Todo consiste ya en que ningún escrúpulo sobrevenido te impida el seguir trabajando con la constancia y la dedicación justas para que nadie pueda decir que has fracasado.

A ninguna empresa, y los partidos son empresas y además de las grandotas, le interesa lo que has estudiado. Le interesa que hayas estudiado algo y que hayas (y aquí el pecado de Noelia Núñez) sido capaz de acabar los estudios.

Esto, como dice el cínico Caplan, es señal de inteligencia, ética del trabajo y conformidad, que son las características que esperaría un partido político de cualquiera que pretenda ser una de sus jóvenes promesas.

Noelia Núñez no ha tenido que dimitir (ni tendría) por no tener títulos. Ni siquiera, claro está, por mentir. Ha dimitido porque ni siquiera puede acreditar (ante los suyos) haber sido capaz de acabar una de esas carreras (o grados) de las que ya nadie debería presumir.

El PP querrá usar este ejemplo como ejemplo de ejemplaridad. Nada qué hacer. Quizás satisfaga a alguno de sus votantes menos cínicos que crea todavía (y con razón) que no todos son iguales.

Pero si la idea es que el PSOE o los suyos recapaciten y dimitan en masa, de sus cargos o de su voto, no hay esperanza alguna. Tampoco habría motivo.

No ha tardado en salir Óscar Puente a decir que en nada se parece lo suyo, que serán cursillos de verano porque son reales como la mismísima tesis de su amado líder. Que constan en algún registro, que pueden imprimirse y que, en el colmo de la desfachatez, podrían colgar incluso de su despacho ministerial. Al menos el suyo, porque sobre el de Patxi no ha entrado a dar tantas explicaciones.
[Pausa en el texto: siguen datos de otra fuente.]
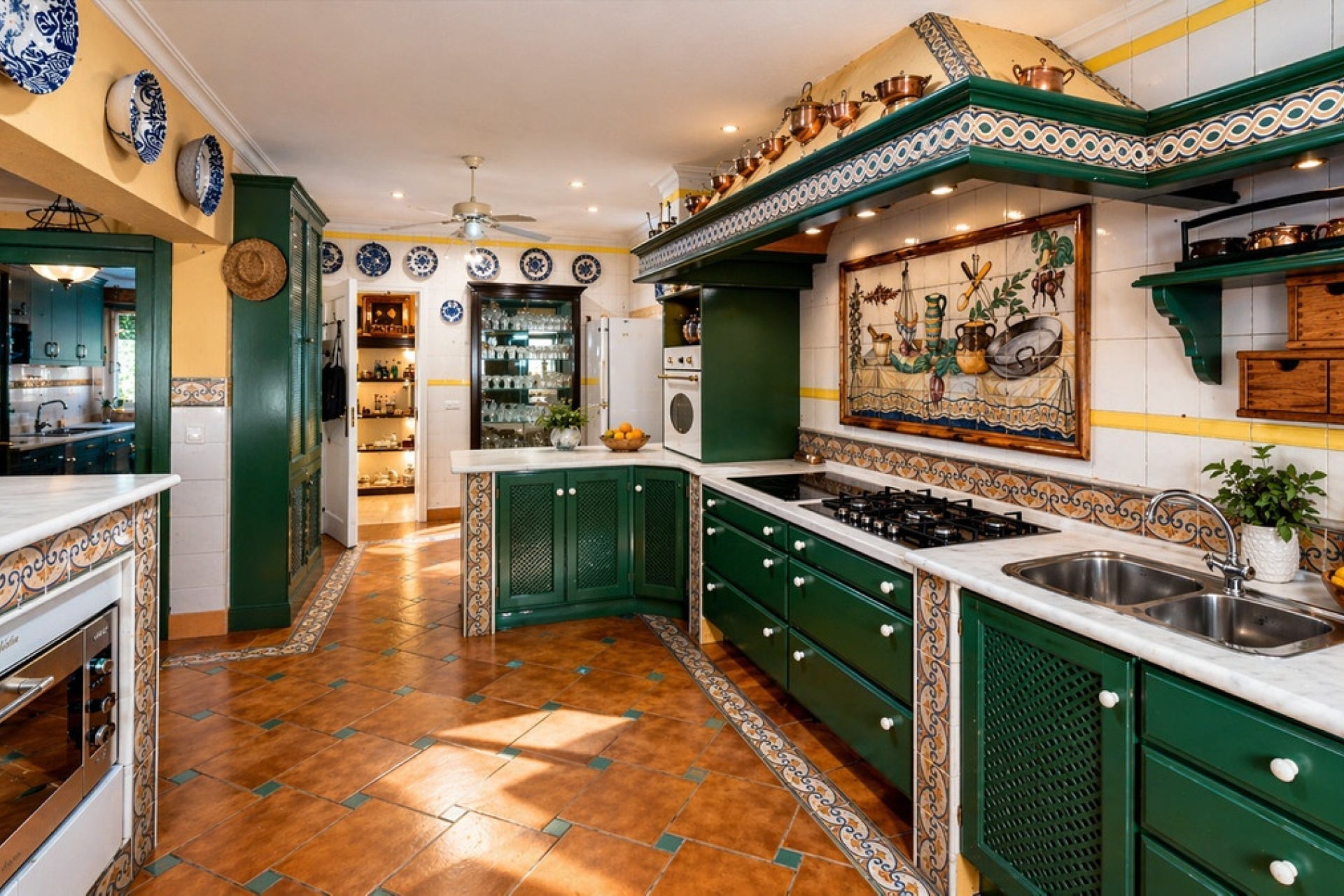 Resale - Villa - Marbella - Guadalmina Baja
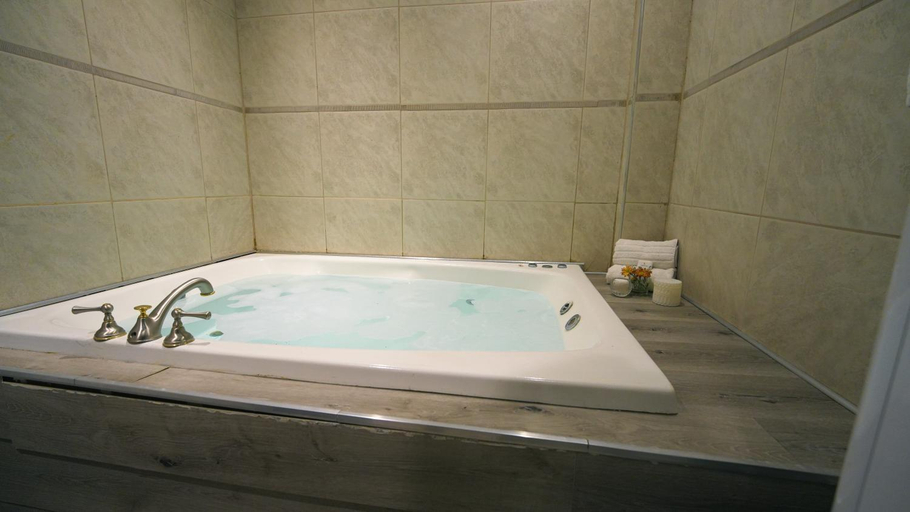 Bathroom 4, Hathor Concordia, Concordia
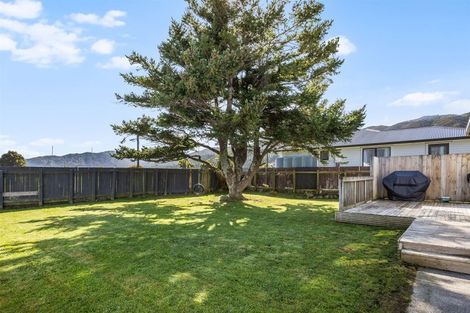 Photo of property in 4 Russell Road, Wainuiomata, Lower Hutt, 5014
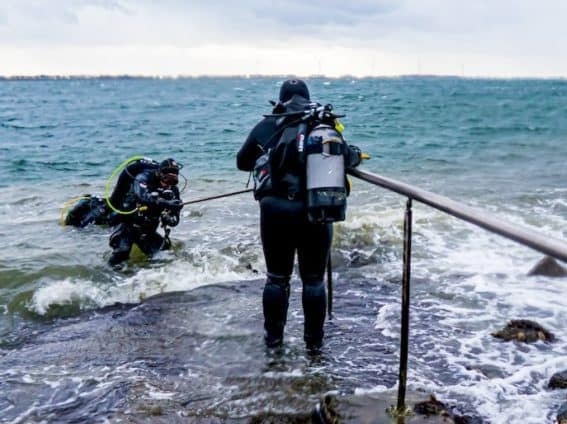 image de plongeur entrant dans la mer de Zélande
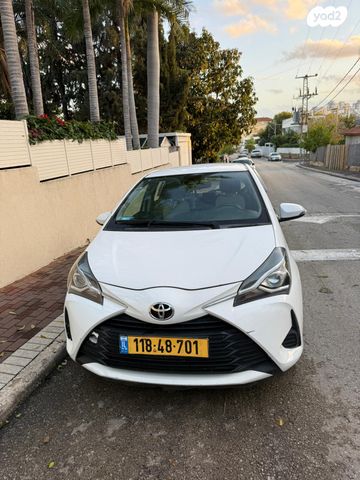 מודעת רכב טויוטה יאריס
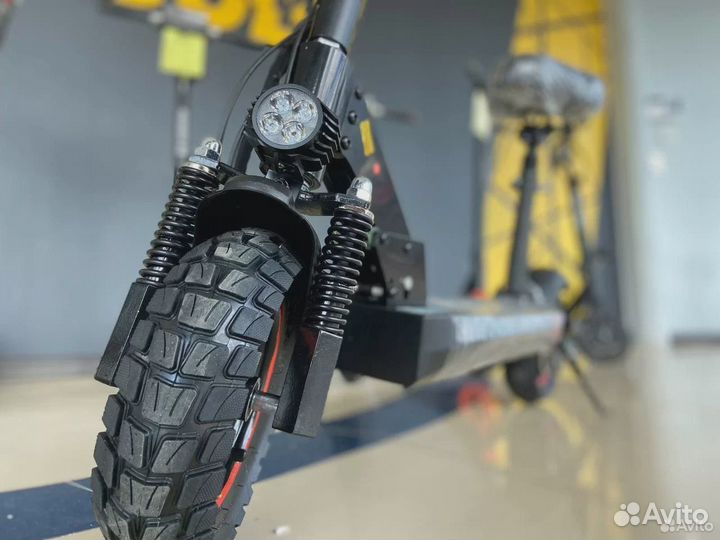 Электросамокат в Tizbul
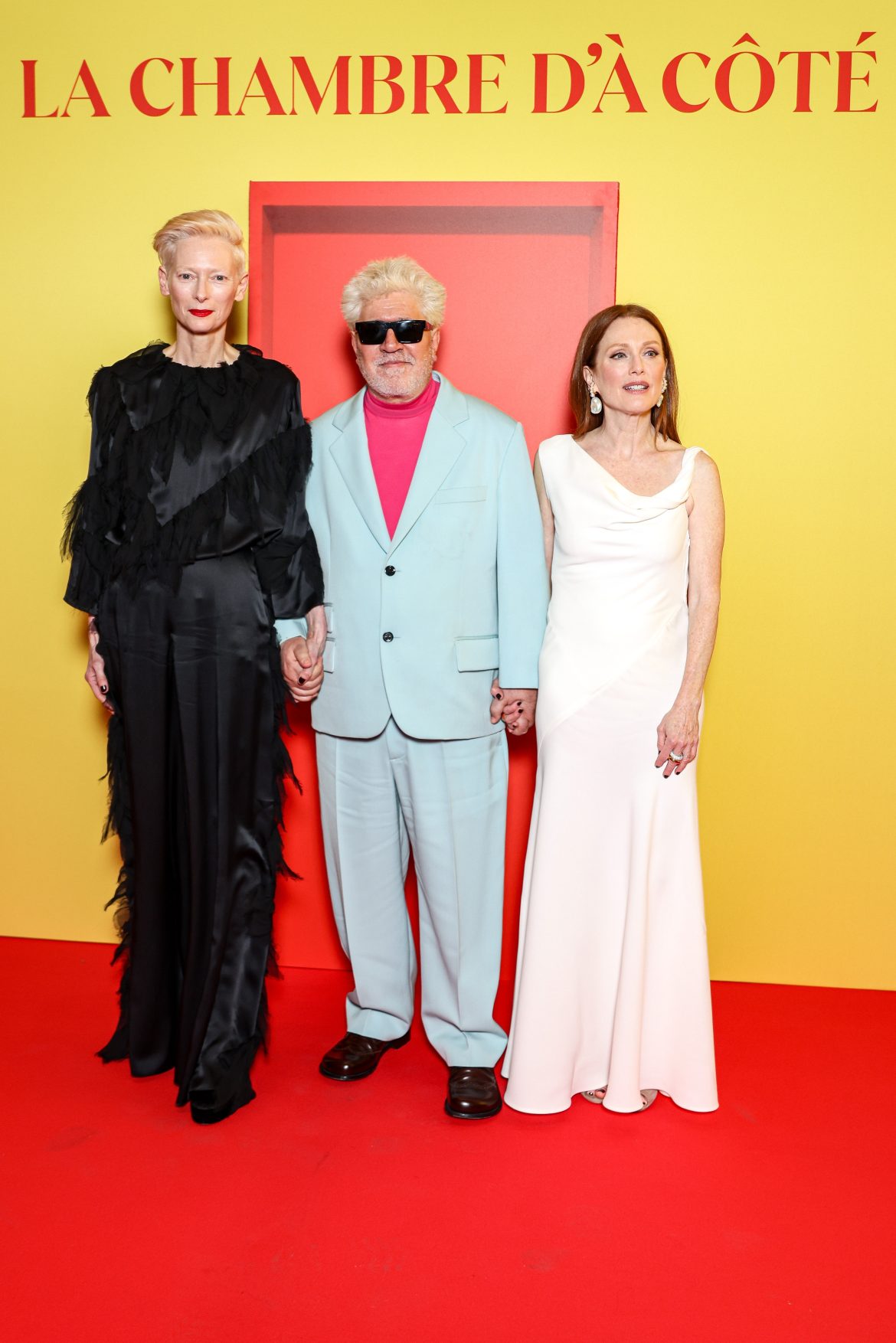 ​Julianne Moore y Tilda Swinton, el ying y el yang del estilo, estreno en París junto a Pedro Almodóvar 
Pero la diferencia fundamental es que sus títulos ya no acreditan ni ameritan nada. Sus títulos han sido superados con creces por la experiencia. Y ellos, a diferencia de estas jovencitas sin experiencia en el mundo real, ya no tienen que demostrar nada.

Son muchos años ante las cámaras y ante el jefe dejando pruebas constantes de la inteligencia y el servilismo que se requiere para ostentar un cargo como el suyo y para construir una vida, una carrera, una reputación como las suyas.

Ellos ya no tienen nada que demostrar. También aquí, como en casi todos los ámbitos de la vida española, son los jóvenes los que tienen que pasar por tres o cuatro universidades y acreditar un doctorado en Harvard antes de poder ponerse a servir (cafés) en un partido, en el gobierno o en algún pritaneo similar.